Build a dynamic constitution inside your CLAUDE.md
Check weekly and trim anything that no longer applies
Keep it under 200 lines

Add this section to CLAUDE.md

## Applied Learning

When something fails repeatedly, when I have to re-explain, or when a workaround is found, add a one-line bullet here. Keep each bullet under 15 words. No explanations.

FAQ

Does /clear delete my CLAUDE.md or memory?

No. /clear only wipes your conversation history. Your CLAUDE.md, memory files, and project settings are untouched. It's safe to use between tasks.

What's the difference between /compact and /clear?

/compact summarizes your conversation into a shorter version and keeps going. /clear wipes the conversation entirely and starts fresh. Use /compact when you need to preserve context. Use /clear when you're switching tasks.

Do sub-agents share the same token limit?

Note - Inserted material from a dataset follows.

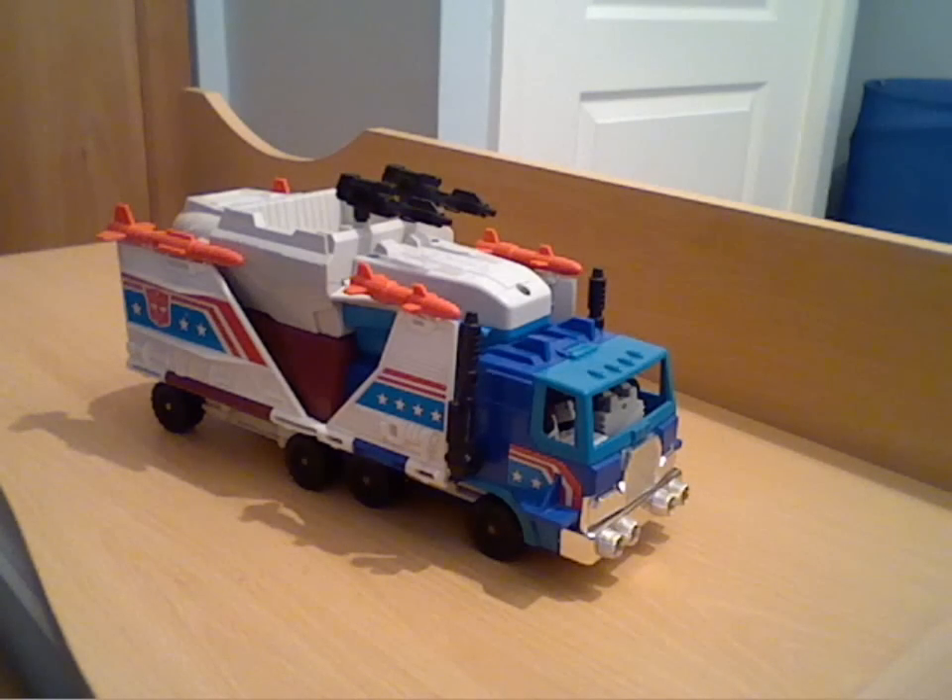Hello everyone and welcome back to another Transformers review. As you can see I'm doing another one of the Micromasters, but it's not actually a base as such — it's more of a playset. Although it's classed as an Autobot Micromaster base, they actually term it Battlefield Headquarters. I don't really class it in the base mode kind of way; as you can see in this mode it's a truck, and in its transformation it transforms into two vehicles, so again not really a base mode. I would class it more as a Micromaster vehicle playset.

Yes. Sub-agents draw from the same session budget as your main conversation. Each one spins up its own full context window, which is why they use 7-10x more tokens than doing the same work in a single session.

Does switching models reset my conversation?

No. Your conversation context carries over when you switch models with /model. You can switch to Haiku for a formatting task and back to Sonnet for coding without losing anything.